As a senior research associate with the Ridgway Center from 2003 to 2006, Mitchell chaired a working group on preemptive and preventive military intervention that produced "Hitting First: Preventive Force in U.S. Security Strategy," the premier volume in a new book series launched last year by the University of Pittsburgh Press, as well as 12 working papers and two policy briefs. Another work product from the group was Mitchell's "Quarterly Journal of Speech" article, "Team B Intelligence Coups," which was recently named outstanding article of the year by the National Communication Association's Political Communication Division.

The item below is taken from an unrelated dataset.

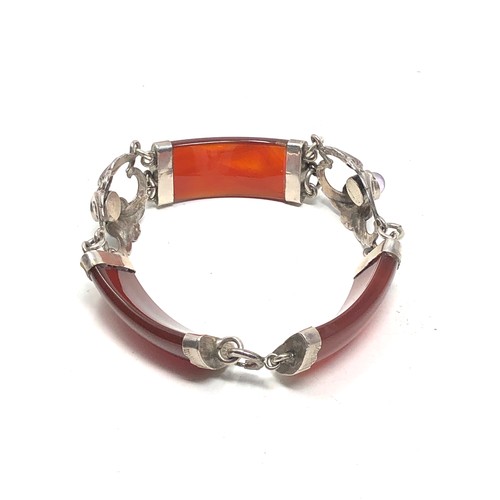 412 - Sterling Silver Carnelian Panel Bracelet (31g)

Mitchell has been a Pitt faculty member since 1995. His numerous articles on security matters have appeared in such journals as "The Bulletin of the Atomic Scientists" and The "Fletcher Forum of World Affairs," while Mitchell's briefing papers and op-eds have been published by think tanks around the world and syndicated by such news organizations as McClatchy and Scripps Howard. His book, "Strategic Deception: Rhetoric, Science and Politics in Missile Defense Advocacy" (Michigan State University Press, 2000), received the James A. Winans-Herbert A. Wichelns Memorial Award for Distinguished Scholarship in Rhetoric and Public Address from the National Communication Association.

Mitchell, recipient of the Tina and David Bellet Award for Excellence in Undergraduate Teaching (2000) and the Chancellor's Distinguished Teaching Award (2001), will continue to teach in Pitt's Department of Communication and serve as director of the William Pitt Debating Union.

Pitt's Ridgway Center is dedicated to generating scholarship that educates the next generation of security analysts. Its purpose is to produce original and impartial analysis that informs policymakers who must confront diverse challenges to state and human security on a global scale.